No cabe duda de que para la mayor parte de mi generación, tanto en Occidente como en Oriente, las revoluciones culturales de los años sesenta y setenta fueron un acontecimiento crucial. (Tengo que excluir al Tercer Mundo de esta generalización, ya que no sé lo suficiente sobre cómo la revolución cultural occidental afectó a la ideología y las costumbres allí).

En mayo y junio de este año se cumplieron 55 años de Les Evénements de Mai. La semana pasada se cumplieron 55 años de la invasión de Checoslovaquia por el Pacto de Varsovia, que también vio nacer el movimiento disidente moderno en la URSS, cuando ocho personas desplegaron una pancarta en la Plaza Roja condenando la invasión.

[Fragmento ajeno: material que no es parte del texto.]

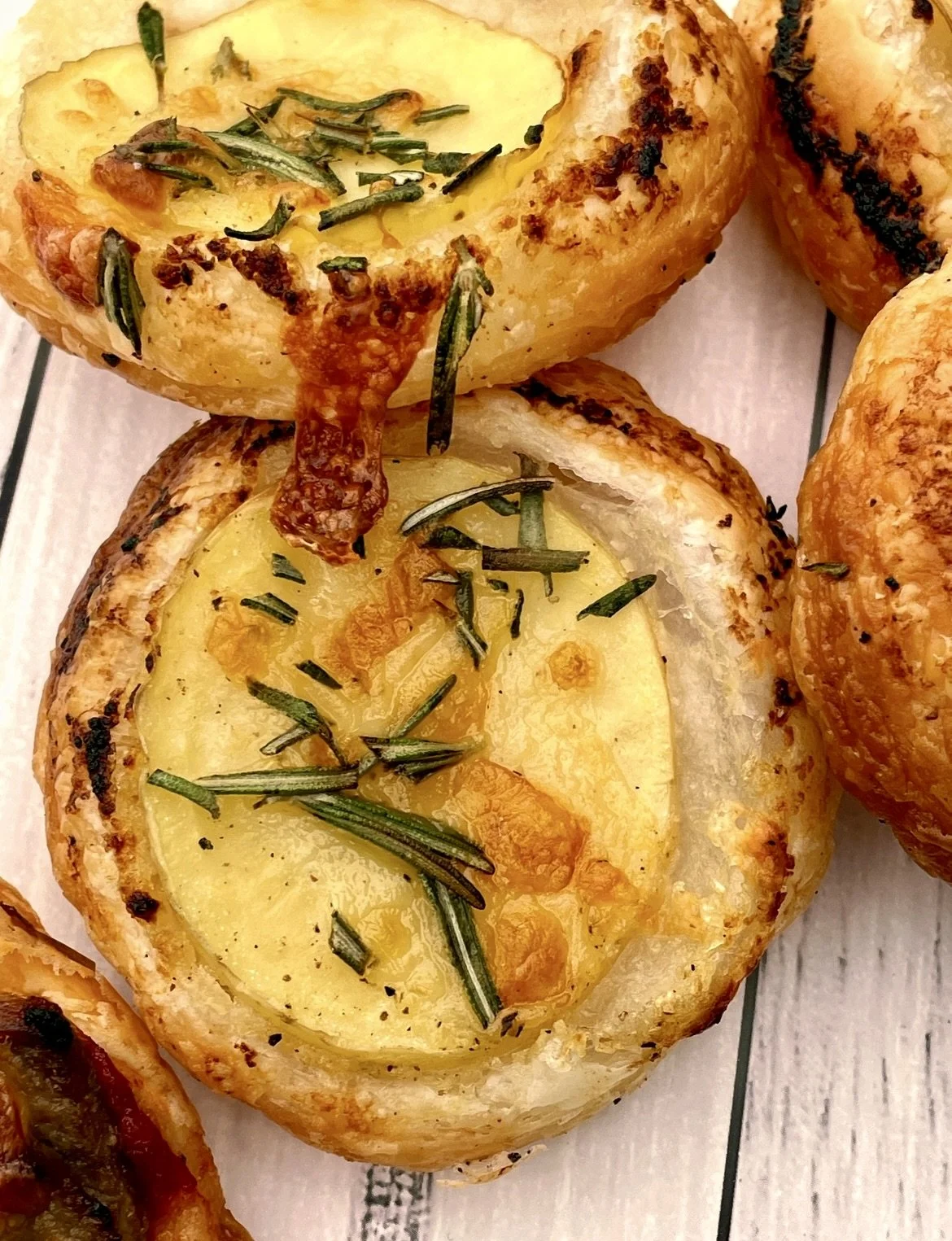 Mini Puff Pastry Rosemary Potato Pizzas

La revolución me pilló en los años formativos del instituto. Todos los acontecimientos que suceden a esa edad, aunque no sean revolucionarios, tienen un impacto en la vida posterior de las personas. Mucho más si son revolucionarios. Tuvimos suerte de que los acontecimientos que nos afectaron fueran revolucionarios sobre todo en el sentido cultural. Al mismo tiempo, China vivió la Revolución Cultural, pero fue una serie de acontecimientos totalmente diferentes, más graves, más ideológicos y mucho más sangrientos. Pero no menos importante fue la Revolución Cultural occidental.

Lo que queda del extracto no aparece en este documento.